By the sale a rent of $250 was exchanged for $106 in interest, on a credit, and the difference, at the expense of the mortgagee, put into the pocket of the agent; "owing," as he states in his answer, to "the uncertain ownership and unsettled "state of the title to the premises." There is no pretence in the answers, that from the time of the auction to that of the death of Lewis Moore, either the decedent, or any member of his family, was informed of the circumstances attending the sale, or of the conveyance afterwards, or that M.P. Moore had any personal interest, direct or contingent, in the purchase.
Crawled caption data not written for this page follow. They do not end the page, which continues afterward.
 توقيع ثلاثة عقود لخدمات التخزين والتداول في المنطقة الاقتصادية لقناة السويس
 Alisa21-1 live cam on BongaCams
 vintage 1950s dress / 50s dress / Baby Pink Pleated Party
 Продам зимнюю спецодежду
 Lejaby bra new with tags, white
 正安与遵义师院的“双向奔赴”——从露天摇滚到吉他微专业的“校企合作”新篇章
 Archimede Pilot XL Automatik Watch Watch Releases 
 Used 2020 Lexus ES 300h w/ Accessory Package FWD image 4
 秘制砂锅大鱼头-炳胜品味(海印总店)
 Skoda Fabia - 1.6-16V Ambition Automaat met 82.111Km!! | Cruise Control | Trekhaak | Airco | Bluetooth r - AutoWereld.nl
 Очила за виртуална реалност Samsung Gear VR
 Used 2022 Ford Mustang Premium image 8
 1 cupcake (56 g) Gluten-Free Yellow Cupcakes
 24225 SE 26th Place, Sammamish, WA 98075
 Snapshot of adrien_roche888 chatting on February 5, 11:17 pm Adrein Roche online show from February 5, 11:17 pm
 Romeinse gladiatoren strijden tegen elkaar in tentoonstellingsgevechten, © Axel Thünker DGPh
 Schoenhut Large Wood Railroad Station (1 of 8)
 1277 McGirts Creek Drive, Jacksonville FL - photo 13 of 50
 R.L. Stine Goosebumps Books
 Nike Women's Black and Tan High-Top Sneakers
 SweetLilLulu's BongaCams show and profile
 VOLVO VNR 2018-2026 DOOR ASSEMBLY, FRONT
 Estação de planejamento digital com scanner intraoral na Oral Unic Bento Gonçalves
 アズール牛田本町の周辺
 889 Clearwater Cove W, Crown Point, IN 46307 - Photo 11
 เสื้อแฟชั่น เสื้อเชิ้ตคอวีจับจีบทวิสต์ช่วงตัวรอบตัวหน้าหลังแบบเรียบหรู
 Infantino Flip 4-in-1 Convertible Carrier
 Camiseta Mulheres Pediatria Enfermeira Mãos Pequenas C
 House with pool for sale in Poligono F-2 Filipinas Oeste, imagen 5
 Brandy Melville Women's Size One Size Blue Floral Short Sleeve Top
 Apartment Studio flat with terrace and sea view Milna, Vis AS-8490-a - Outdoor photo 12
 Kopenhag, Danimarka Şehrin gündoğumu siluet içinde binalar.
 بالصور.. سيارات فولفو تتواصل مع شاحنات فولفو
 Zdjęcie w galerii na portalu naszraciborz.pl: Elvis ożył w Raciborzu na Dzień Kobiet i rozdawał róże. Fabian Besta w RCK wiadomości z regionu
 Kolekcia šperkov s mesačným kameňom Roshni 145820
The answers therefore, alone, show a purchase of the property for the benefit of the agent. This is sufficient to avoid the sale as to him. There is no distinction in principle, between a judicial and a private sale, where, as in this case, the agent controls it, and the officer acts under his instructions. In such case the principal contracts for the best judgment, skill and exertions of the agent in his behalf. He was here to determine when the auction should take place, was bound to abstain from all acts calculated to depreciate the property, and to give such information to the bidders in person, or through the master, as were fairly calculated to make it bring its full value. This the law presumes will be done, when a sale is made or procured by the agent, for the benefit of the principal, and that it will not be done, when made or procured for his own benefit. The presumption in the latter case cannot be overcome by proof of his integrity — *262 it is enough that his interest is adverse to that of his employer. The law does not stop to speculate upon the probabilities that the agent has resisted temptation; it removes the temptation, by proclaiming in advance that he shall not acquire the property. (Story on Agency, § 211; 1 Ball Beatty, 46-7; 6 Vesey, 626; 2 J. Ch. R. 104; 11 Paige, 26; 3 Paige, 180.)
There is nothing in this case to induce a relaxation of the rule. The answers do not assume, that the sum bid was the value of the property. There could be no assent to the purchase, for the decedent had no information, or suspicion, that it had been made in whole, or in part, for the benefit of the son. The relation existing between the principal and his agent, with the unlimited confidence placed in the latter, called for the exercise of the most scrupulous integrity, and of a judgment unbiassed by his own personal interest. The defendant by a voluntary arrangement with Aitken, placed himself in a position in which he was compelled to disregard his own interest or that of his employer. The case does not show that he was superior to temptation. On the contrary, the whole transaction, taking his own version of the matter, as a defendant and witness, is, to say the least, extremely suspicious, if not actually fraudulent.
I think the decree should be affirmed.